According to multiple sources from the steel industry on Tuesday, the U.S. Department of Commerce has made a preliminary determination on Monday, local time, to impose 11.64 percent anti-dumping duty on thick steel plates made by Hyundai Steel Co. and 0.9 percent by Dongkuk Steel Mill Co. The duties that have been determined in an annual renewal review are based on thick steel plates imported from 2016 to 2017. The U.S. government has been imposing duties on Korean thick steel plates used in building ships and bridges since 1999.

The U.S. commerce department calculated a de minimis preliminary subsidy rate of less than 2 percent for Dongkuk Steel Mill but higher for Hyundai Steel. A final dumping margin will be delivered within 120 days.

The latest preliminary determination comes after the U.S. Department of Commerce levied 2.05 percent anti-dumping duty on Hyundai Steel and 1.84 percent on Dongkuk Steel Mill in September, last year, in its 2015-2016 annual review.

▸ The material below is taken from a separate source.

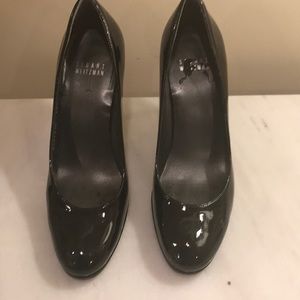 Stuart Weitzman Platswoon Black Patent Leather 7.5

If the dumping margin is determined as de minimis - 2 percent or below - law provides for termination of investigation.

In the latest preliminary review, the U.S. Commerce Department also calculated a countervailing duty of 0.54 percent for Hyundai Steel and 0.21 percent for Dongkuk Steel Mill, respectively, with both margins belonging to de minimis.

Meanwhile, last month, the United States International Trade Commission extended tariffs on steel plates imported from three countries - Korea, India, and Indonesia - citing damage to the U.S. steel industry from continued subsidies from their governments.